My last post (Help or hindrance? Teacher use of L1/L2 in the classroom) detailed why I don’t use L1 with my young learners but I now want to add some further thoughts following last night’s stimulating #ELTchat on the same topic.

First of all, I should make it clear that my comments refer only to me and what I say in class. I would never prohibit students from talking to each other in L1 (unless they are doing a speaking activity which requires use of the target language). I agree with some of the comments from last night that banning L1 is overly-harsh and potentially disrespectful, especially if you are in your students’ home country. While there was a policy like this at the first school I worked at here, I never agreed with it. I saw a few good, enthusiastic students literally being marched from the premises in tears because they had been caught translating one word to help a friend – hardly a way to build a positive learning environment.

When I say I don’t speak Turkish in class, I mean just that – I don’t speak Turkish in class.

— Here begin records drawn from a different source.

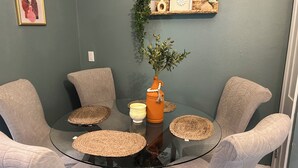 Zona de menjador amb taula de vidre envoltada per quatre cadires amb coixins, un suport per plats trenat, un vas amb una planta i una estant decorativa amb una imatge i un vas petit.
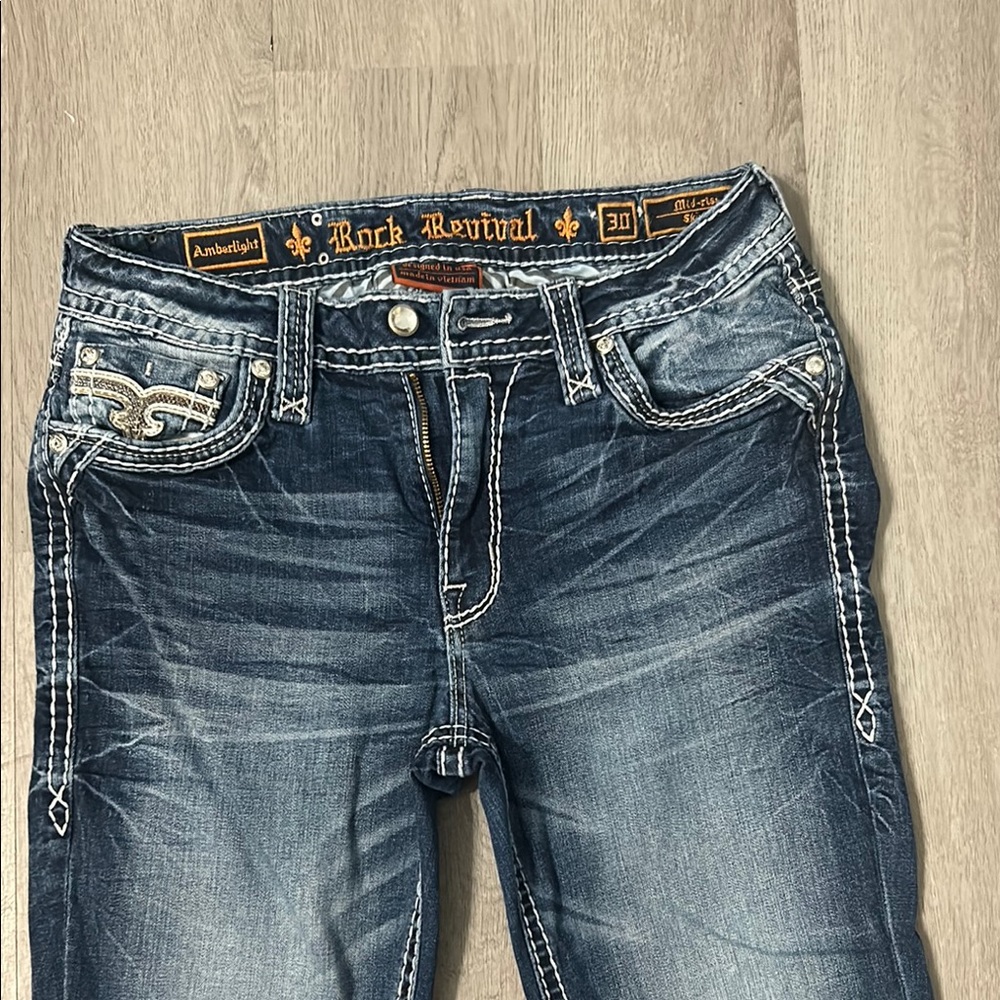Rock Revival Blue Boot Cut Jeans with Distressed Details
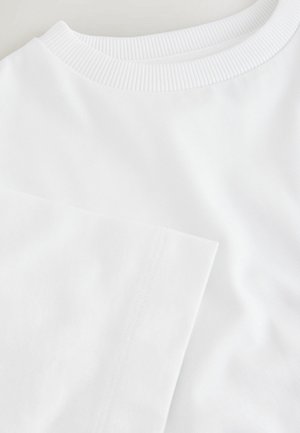 Biały T-shirt z krótkim rękawem, z prążkowanym, okrągłym dekoltem i gładką fakturą materiału, o prostym wzorze bez widocznych nadruków.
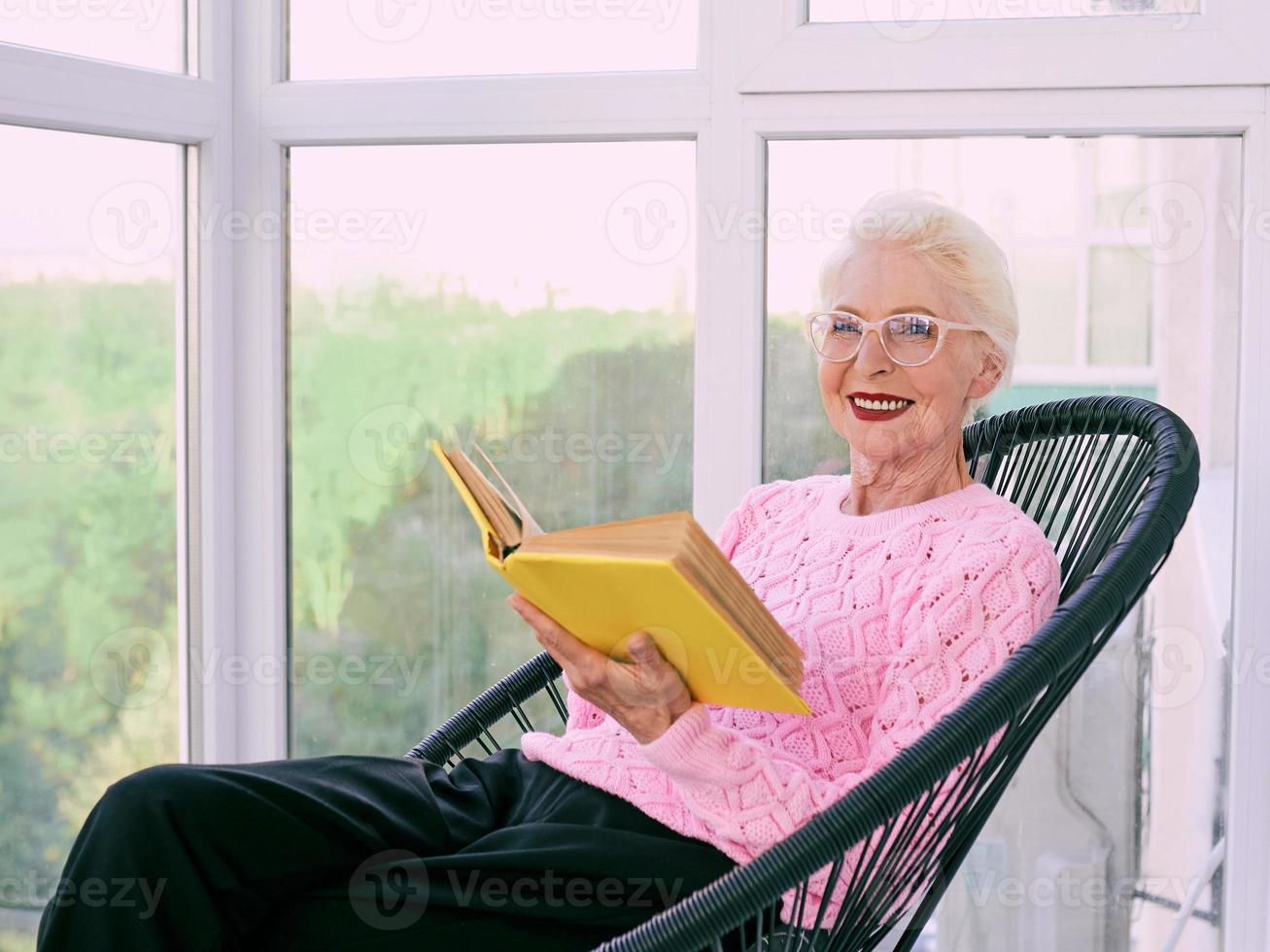 Senior stylish woman sitting on terrace reading book. Education, hobby concept photo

I’m happy for students to help each other out by explaining something. It shows me that the student doing the explaining has fully understood and I always like to see the kids helping and supporting each other. I also act like I don’t understand Turkish in class and this makes the students communicate with me in English. Previously, they would ask me simple things like “What’s this?”, “Do you like football?” and “Have you got a pet?” in Turkish but now I pretend I don’t understand them and they ask me in English. Often, their friends will help them if they are struggling to find the words and, again, I love to see this kind of scaffolding going on. For example, I just had a class today in which the speakers for the computer were missing having been taken away for repair. As I switched it on, a girl came up to me to try and tell me what was wrong but all she could say at first was ‘the computer… er ….no…hoparlör…’. She paused then another student said ‘no sound!’. ‘Ah, yes! The computer hasn’t got sound,’ she said. No prompting from me – they just constructed what they wanted/needed to say collectively and told me what the problem was.

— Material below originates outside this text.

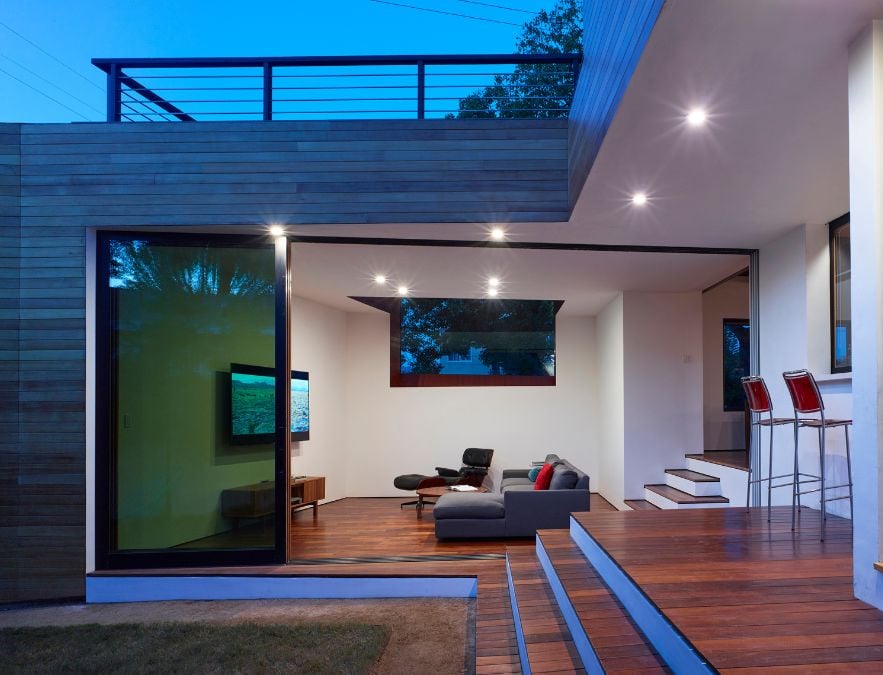 An exterior shot at nighttime, which portrays a living room and a glimpse of the roof deck railing, as seen from an external viewpoint.
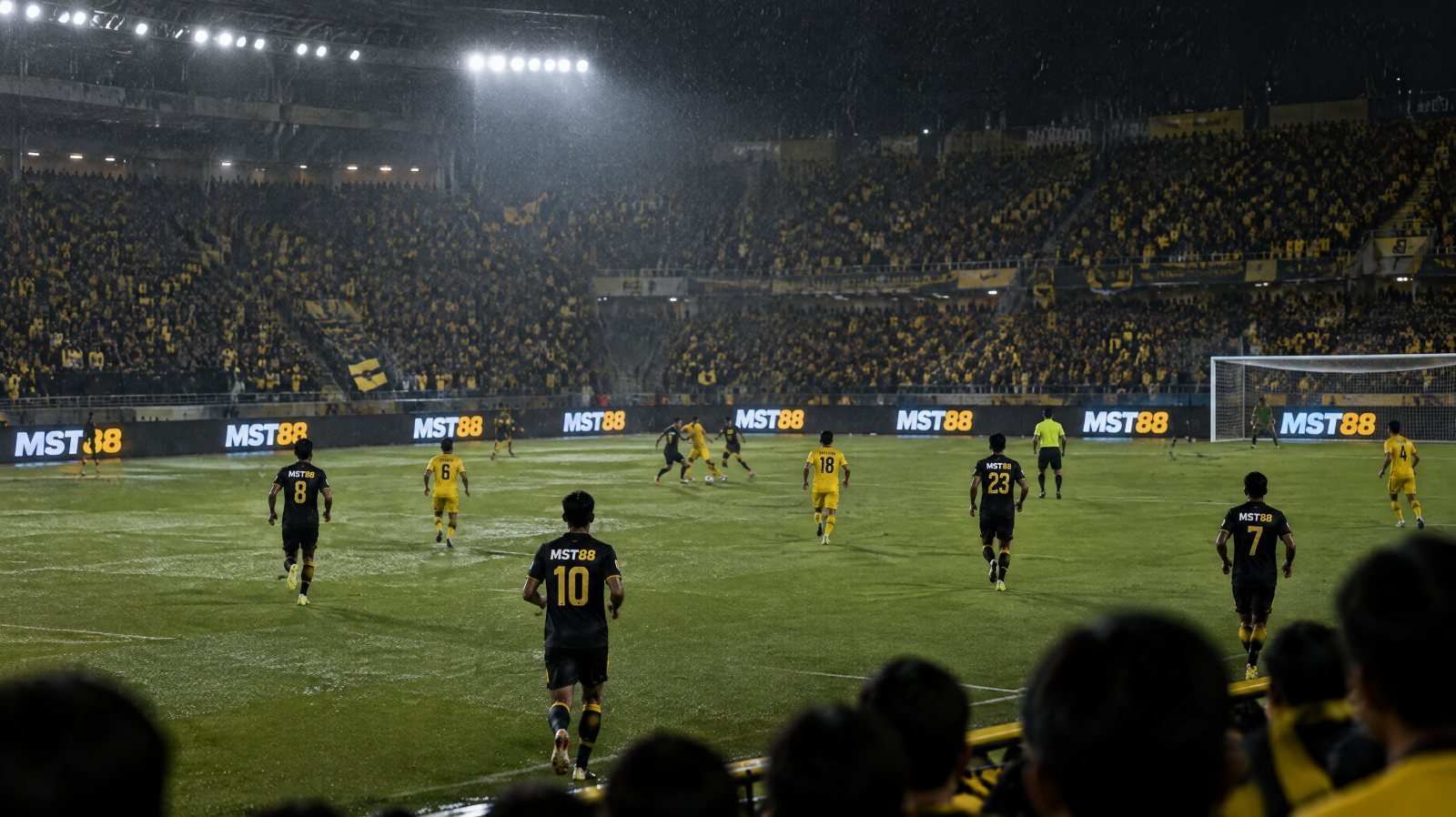 Floodlit packed stadium at night with a gold trophy on a plinth, illustrating the Piala Malaysia 2026 final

However, I did realise something about myself in class during the chat last night, which I explained in the following tweet:
eltchat3
Let me elaborate: I listen in on my students speaking Turkish during activities and I check if they have understood correctly. If I hear a few students saying to each other that they don’t understand or find the task difficult, I help them out (but try to do so in a way that doesn’t reveal I understood them). So I guess, I do use my knowledge of the students’ L1 as a resource in my lessons, just not out loud. ;)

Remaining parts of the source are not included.